Problem description: What you write must match, character for character, the lines from the one with "began building it ourselves." down to the one with "(c) This is my pen." in the listing below, minus its pictures.

----

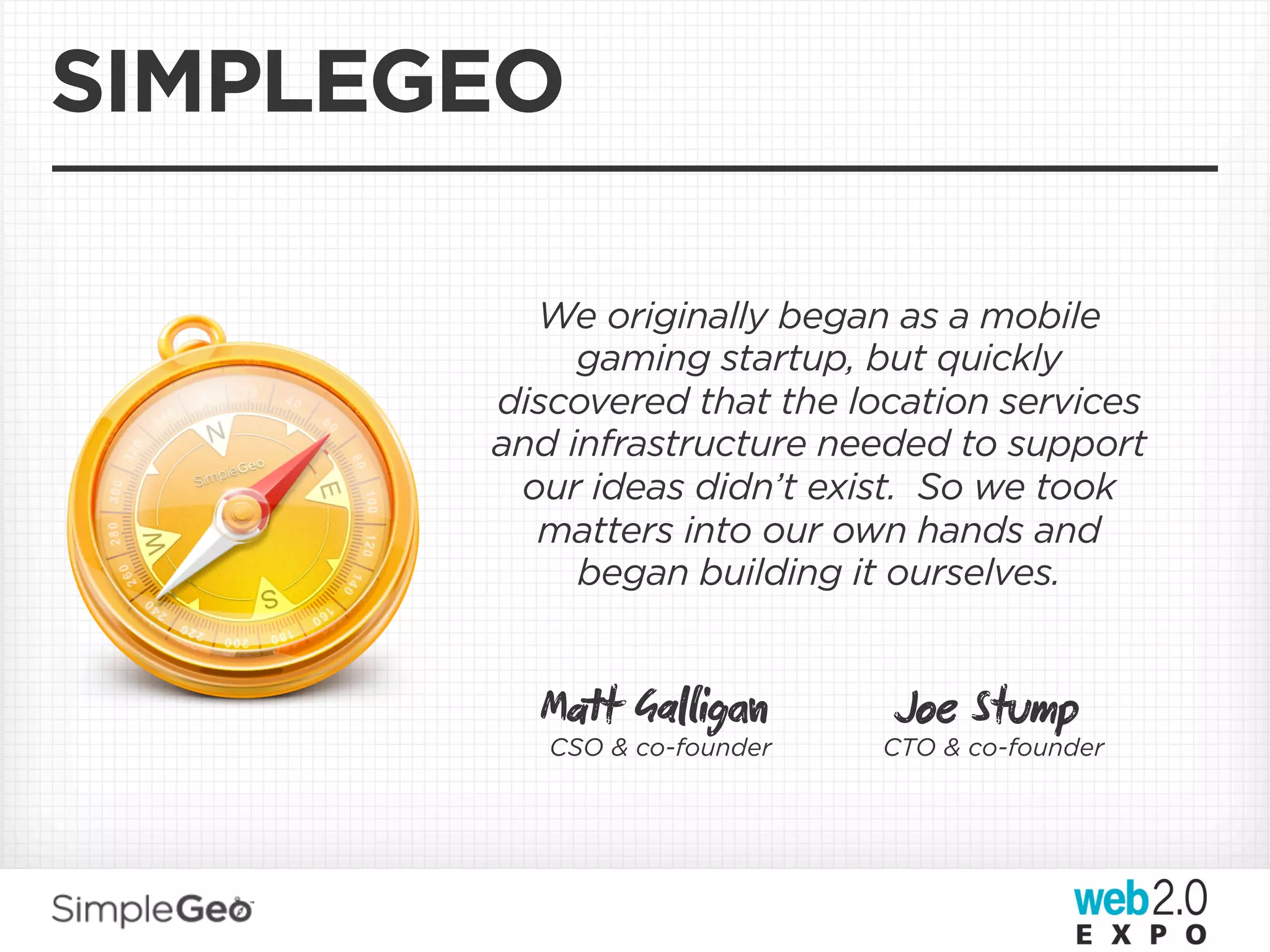 SIMPLEGEO

         We originally began as a mobile
            gaming startup, but quickly
       discovered that the location services
       and infrastructure needed to support
        our ideas didn’t exist. So we took
         matters into our own hands and
            began building it ourselves.


         Mt Gaig          Joe Stump
          CSO & co-founder   CTO & co-founder
 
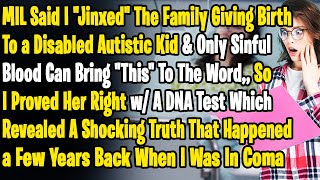 MIL Said I quotJinxedquot The Family After I Gave Birth To Autistic Kid amp Only Bad Blood Can Bring quotThisquot [upl. by Truscott87]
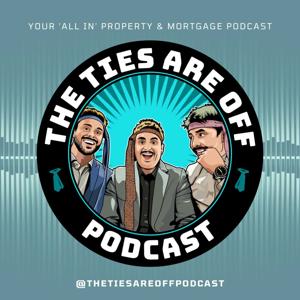 The Ties Are Off - 'Your All In Property' Podcast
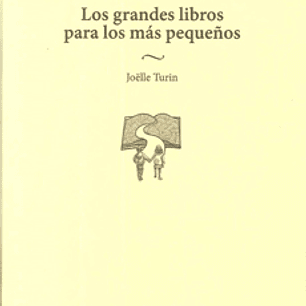 Los Grandes Libros Para Los Mas Pequeños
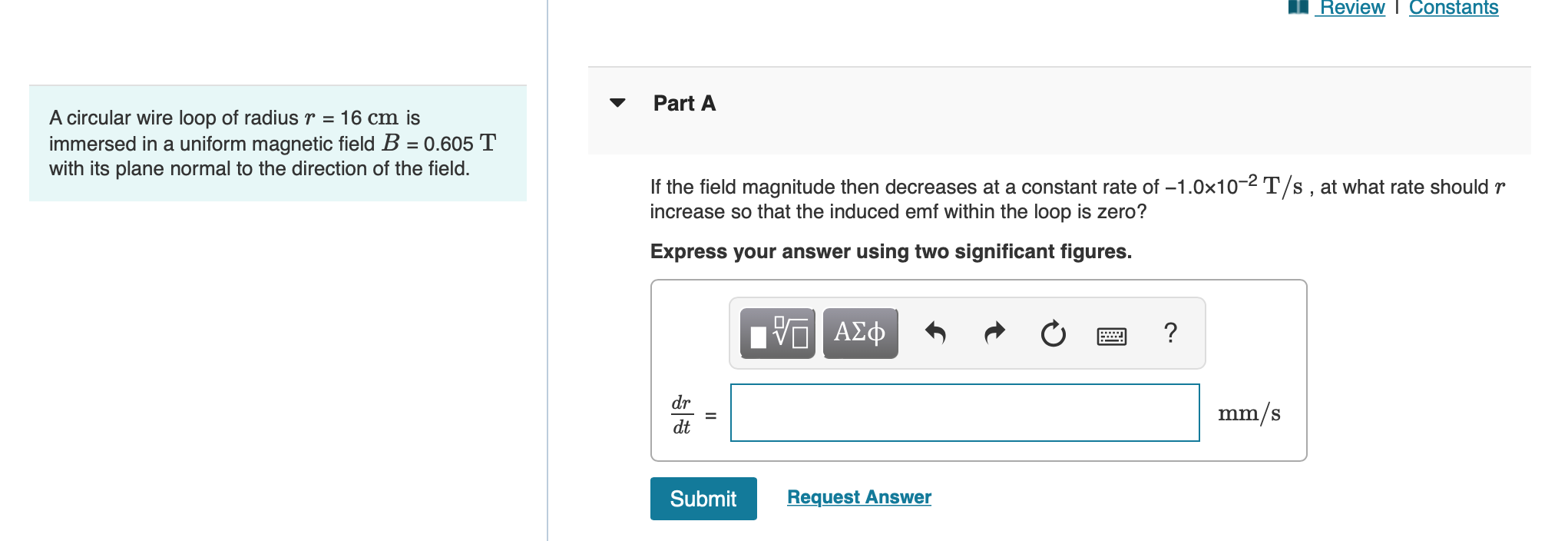 Solved Review | Constants Part A A circular wire loop of | Chegg.com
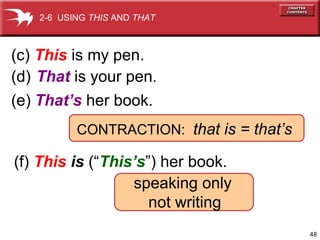48 
2-6 USING THIS AND THAT 
(c) This is my pen. 
(d) That is your pen. 
(e) That’s her book. 
CONTRACTION: that is = that’s 
(f) This is (“This’s”) her book. 
speaking only 
not writing 
 
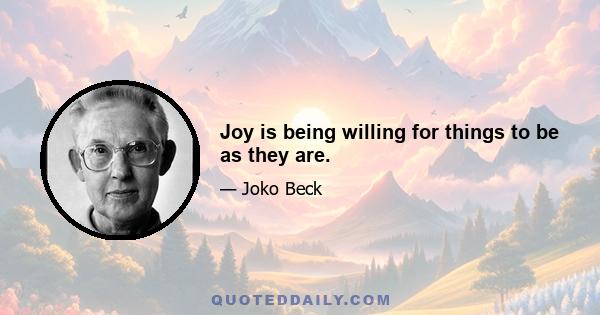 Joy is being willing for things to be as they are.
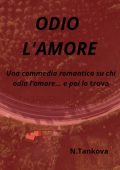 N. Tankova (Nora Tankova) - Odio l'amore (2025)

----

Answer box:
            began building it ourselves.


         Mt Gaig          Joe Stump
          CSO & co-founder   CTO & co-founder
 
 MIL Said I quotJinxedquot The Family After I Gave Birth To Autistic Kid amp Only Bad Blood Can Bring quotThisquot [upl. by Truscott87]
 The Ties Are Off - 'Your All In Property' Podcast
 Los Grandes Libros Para Los Mas Pequeños
 Solved Review | Constants Part A A circular wire loop of | Chegg.com
48 
2-6 USING THIS AND THAT 
(c) This is my pen. 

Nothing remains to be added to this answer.